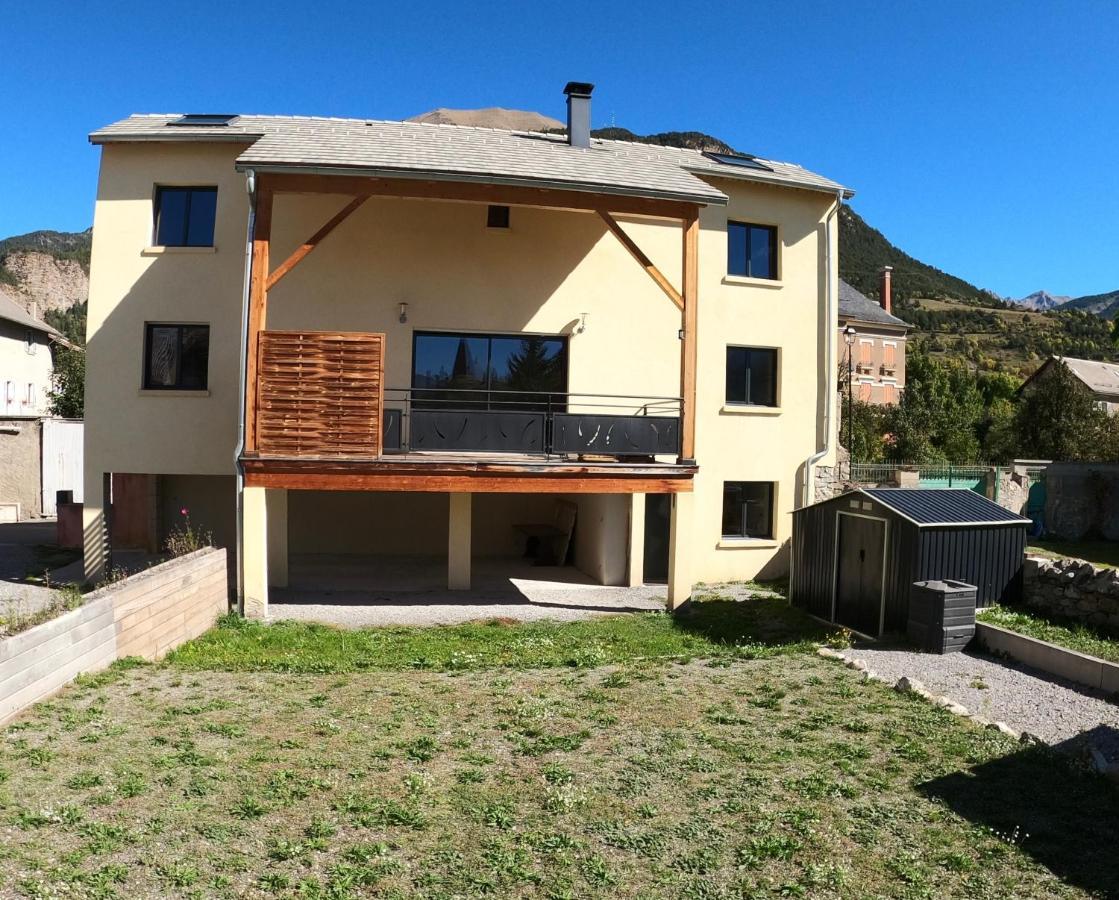 Maison Neuve Proche De Barcelonnette Jausiers Luaran gambar
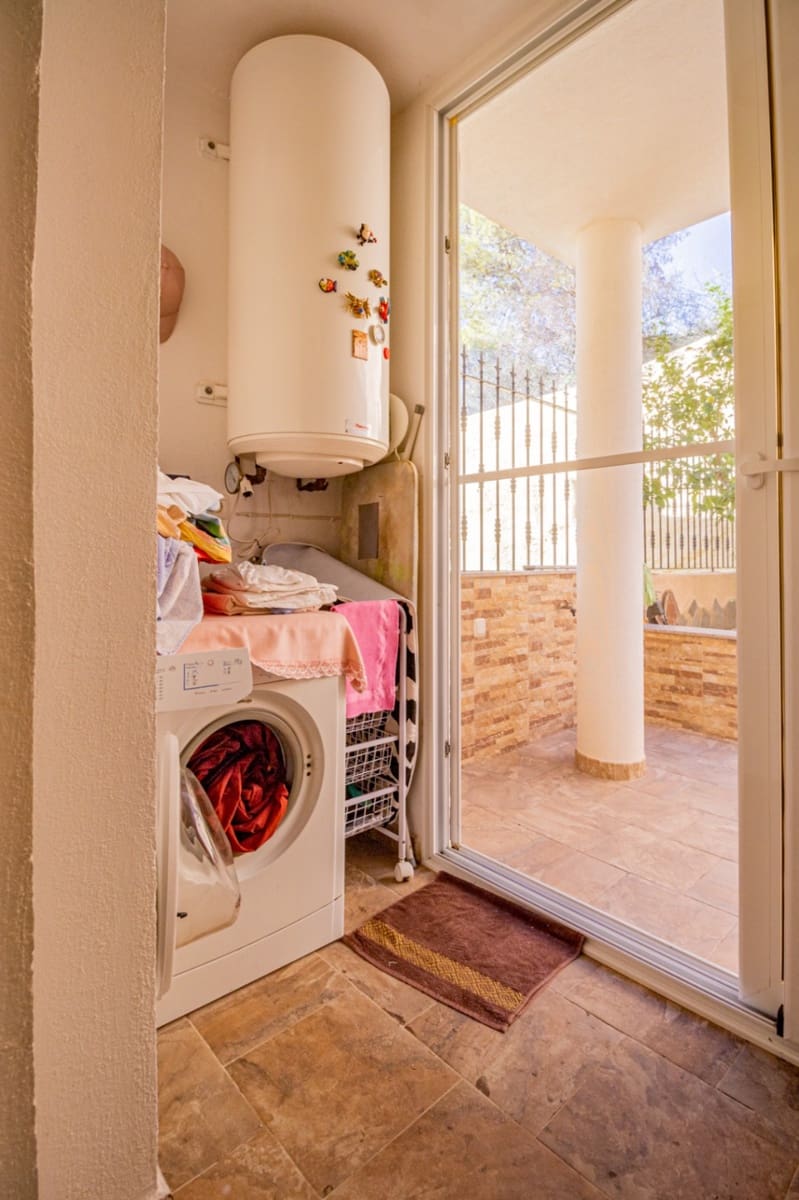 4 Zimmer Doppelhaus zu verkaufen in Albir mit Pool Garage - 890.000 € (Ref: 9348568)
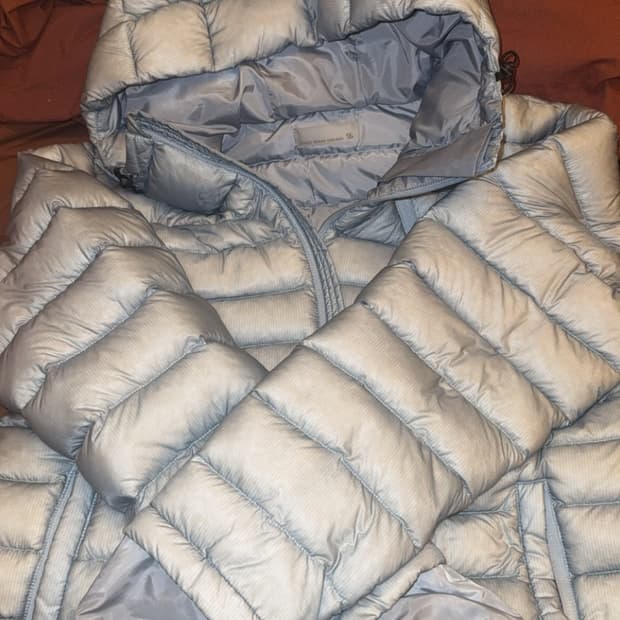 산산기어 서픽스 경량패딩 24fw 스카이블루 1사이즈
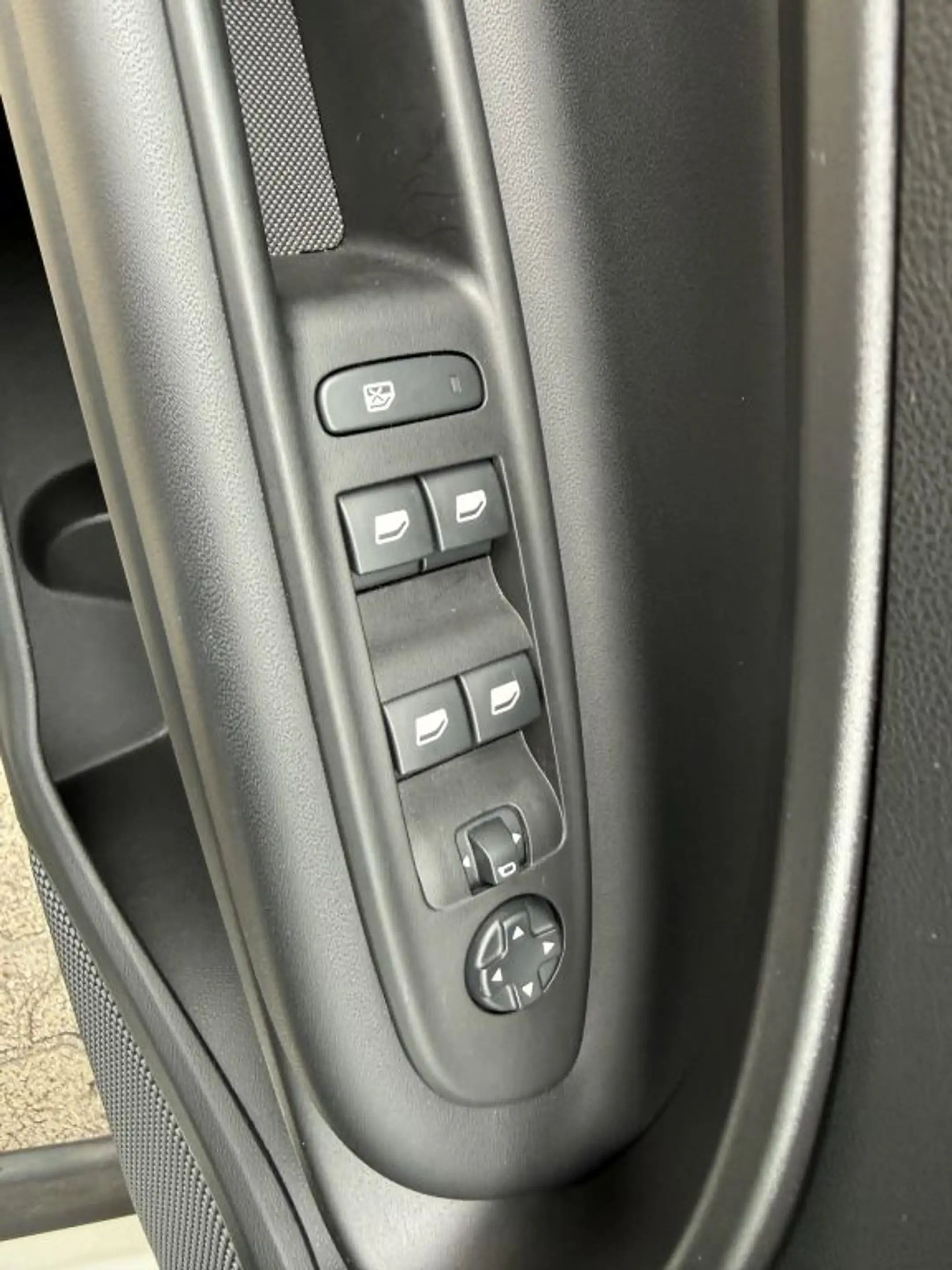 Jeep Avenger 1.2 GSE T3 Turbo-Benzin GDI Altitude — photo 15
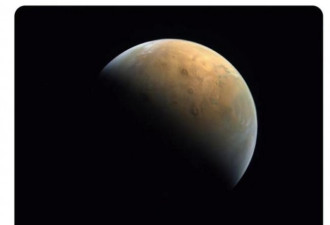 阿联酋火星探测器发回第一张火星照片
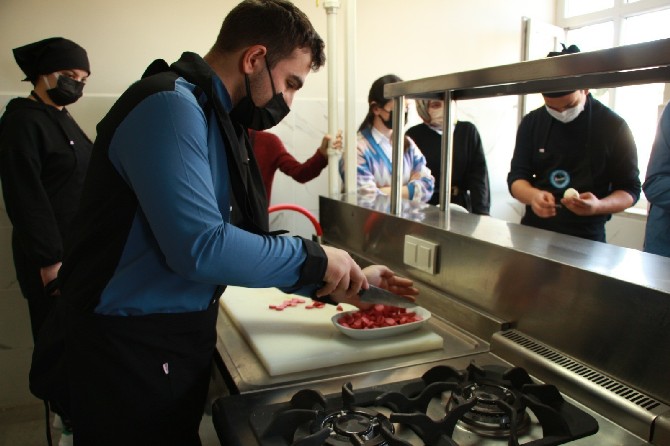 rizede-ozel-egitim-ogrencileri-ziyaret-ettikleri-ekrem-orhon-mesleki-ve-teknik-anadolu-lisesinde-eomtal-kendi-yemeklerini-kendileri-yapmanin-mutlulugunu-yasadi-4.jpg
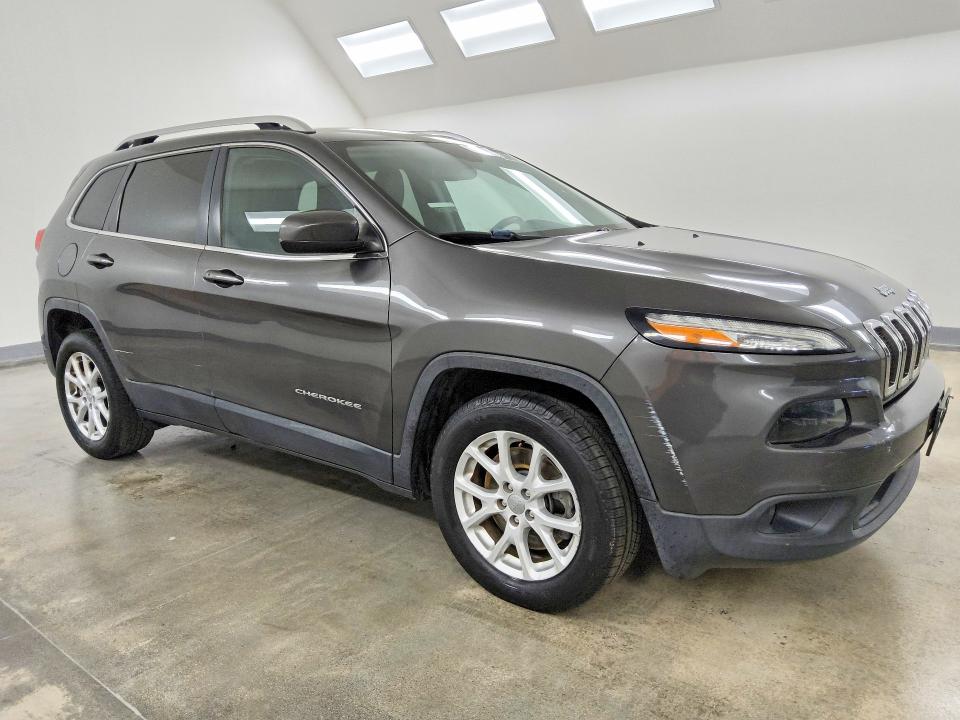 Продаж на аукціоні авто 2018 Jeep Cherokee, vin: 1C4PJLLB5JD583735, номер лоту: 67129386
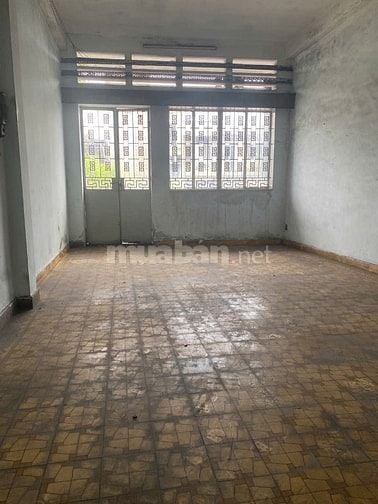 Bán nhà MT 81 LÝ THÁI TỔ P1Q10 4 TẦNG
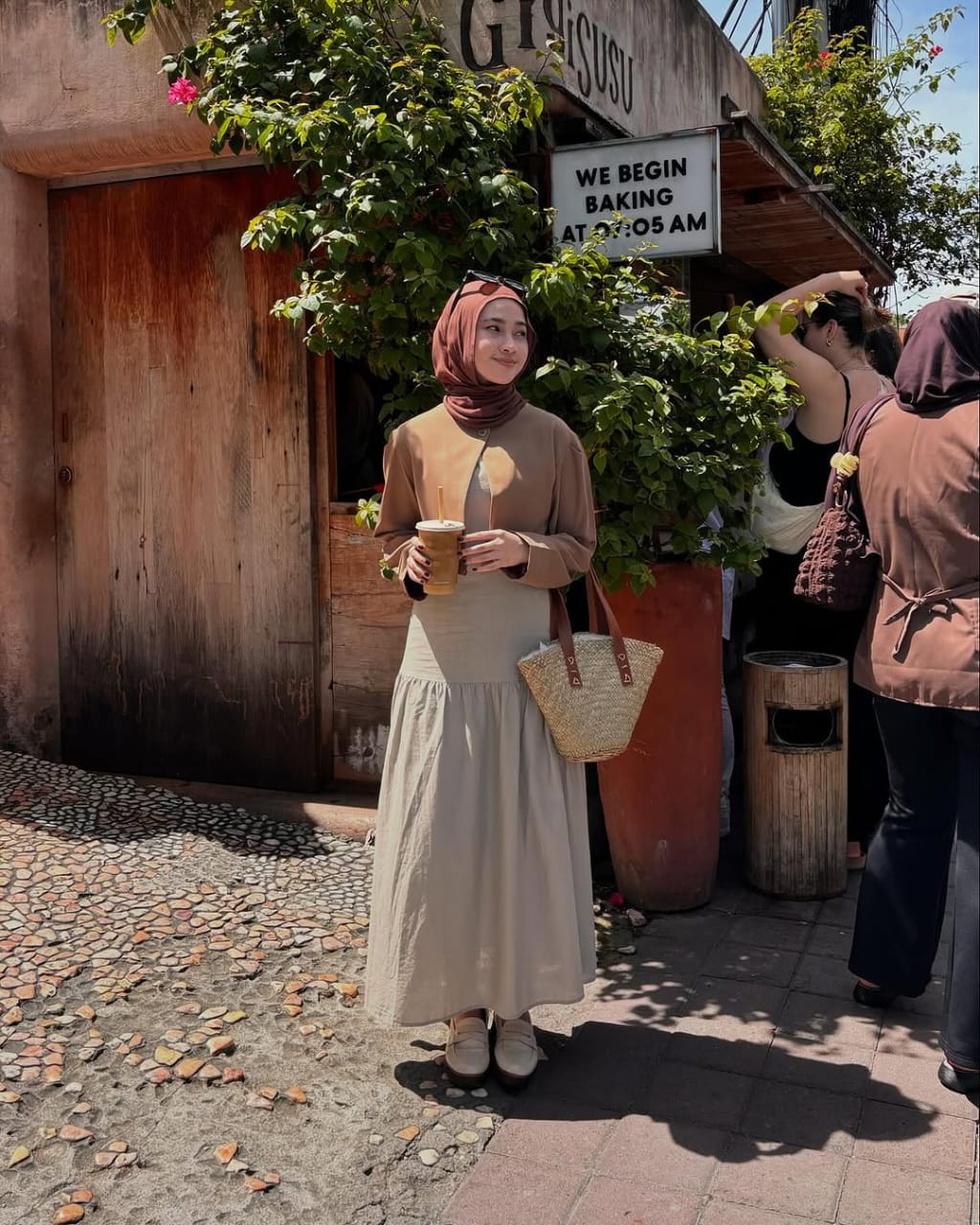 Inspirasi ootd dress well dari selebgram ataupun influencer (Sumber : instagram.com/inikiranaaaa_)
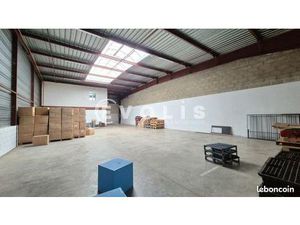 Local d'activité 349 m²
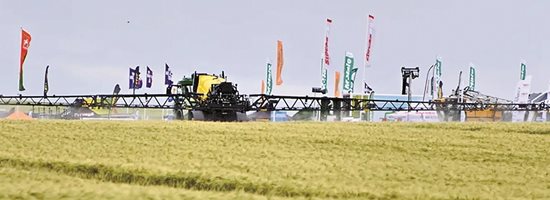 Тандем „семена-машини" работи на Дните на полето в Европа и у нас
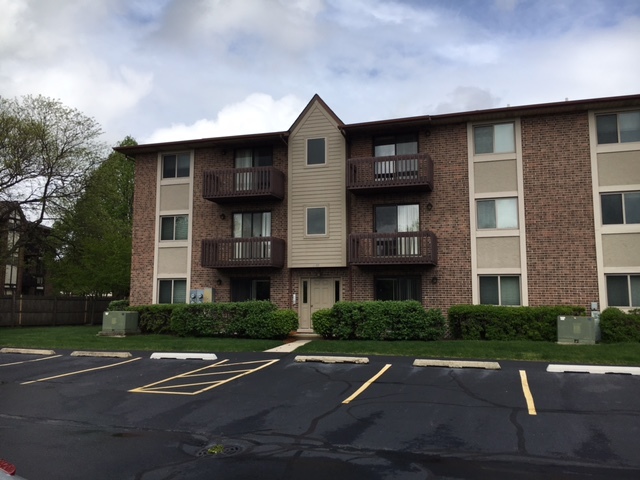 1495 Georgia Court #102, Naperville, IL 60540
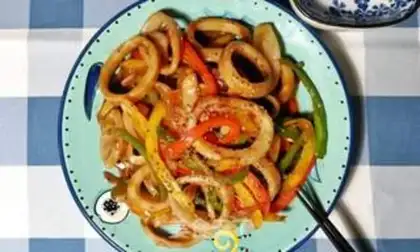 Make Black pepper three-coloured squid step 14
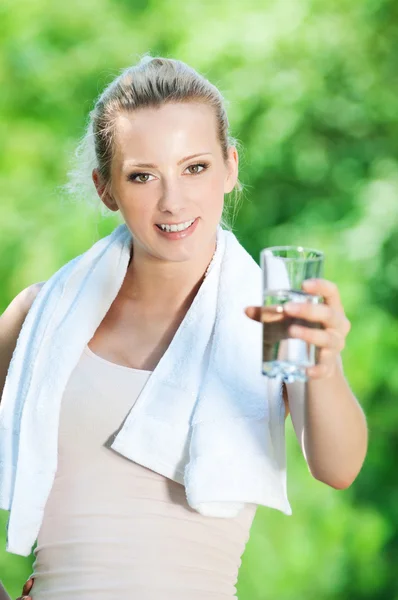 Kvinna dricksvatten efter träning — Stockfoto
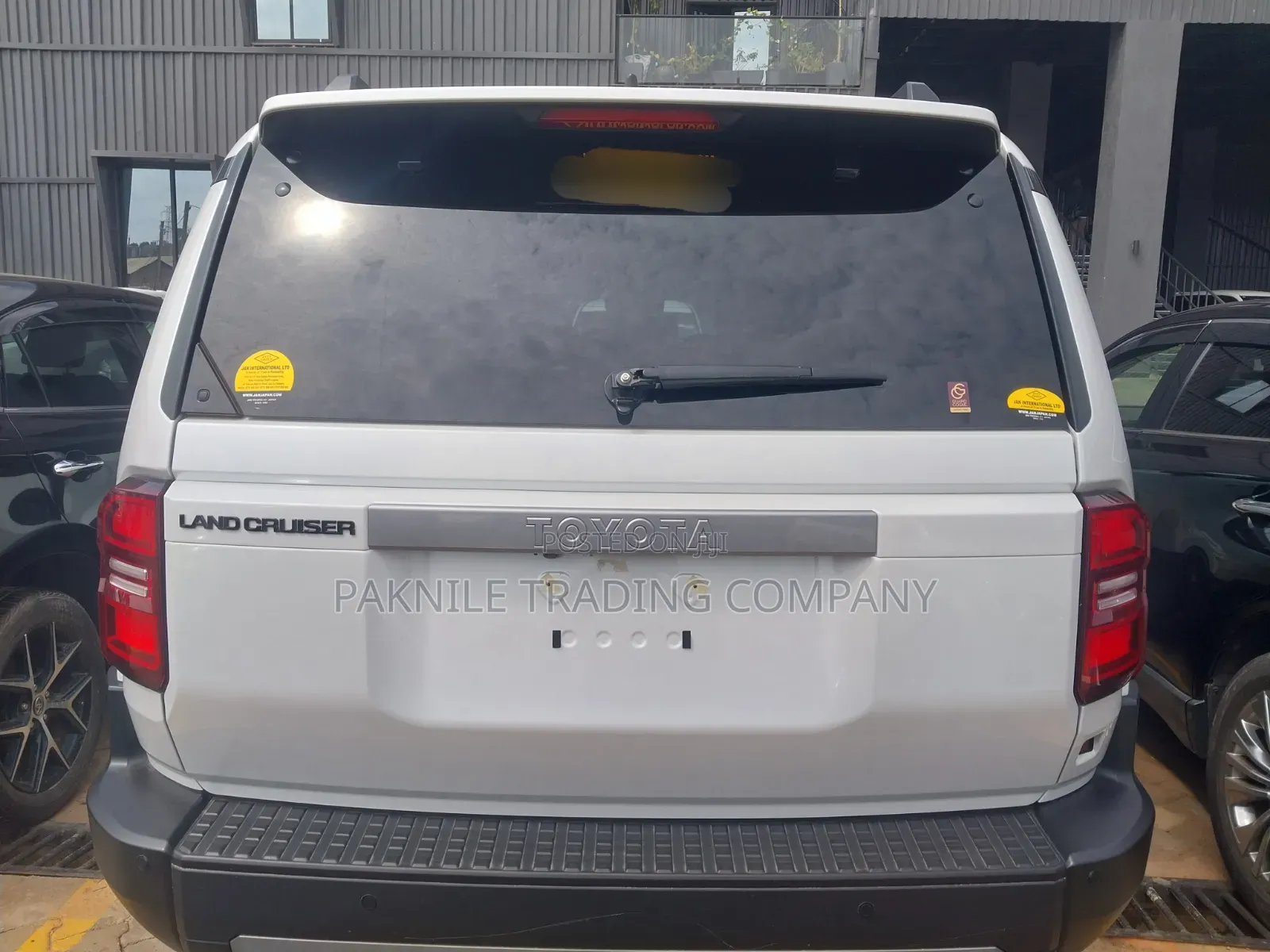 Toyota Land Cruiser LC250 2024 White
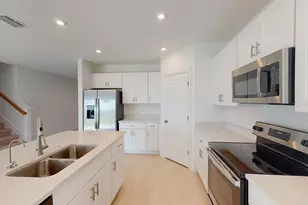 6753 Equinox Ln N, North Fort Myers, FL 33917 - Photo 10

§ **Directions**
Whatever the records hold apart from pictures should be repeated exactly.

§ **Result of the task**
 Maison Neuve Proche De Barcelonnette Jausiers Luaran gambar
 4 Zimmer Doppelhaus zu verkaufen in Albir mit Pool Garage - 890.000 € (Ref: 9348568)
 산산기어 서픽스 경량패딩 24fw 스카이블루 1사이즈
 Jeep Avenger 1.2 GSE T3 Turbo-Benzin GDI Altitude — photo 15
 阿联酋火星探测器发回第一张火星照片
 rizede-ozel-egitim-ogrencileri-ziyaret-ettikleri-ekrem-orhon-mesleki-ve-teknik-anadolu-lisesinde-eomtal-kendi-yemeklerini-kendileri-yapmanin-mutlulugunu-yasadi-4.jpg
 Продаж на аукціоні авто 2018 Jeep Cherokee, vin: 1C4PJLLB5JD583735, номер лоту: 67129386
 Bán nhà MT 81 LÝ THÁI TỔ P1Q10 4 TẦNG
 Inspirasi ootd dress well dari selebgram ataupun influencer (Sumber : instagram.com/inikiranaaaa_)
 Local d'activité 349 m²
 Тандем „семена-машини" работи на Дните на полето в Европа и у нас
 1495 Georgia Court #102, Naperville, IL 60540
 Make Black pepper three-coloured squid step 14
 Kvinna dricksvatten efter träning — Stockfoto
 Toyota Land Cruiser LC250 2024 White
 6753 Equinox Ln N, North Fort Myers, FL 33917 - Photo 10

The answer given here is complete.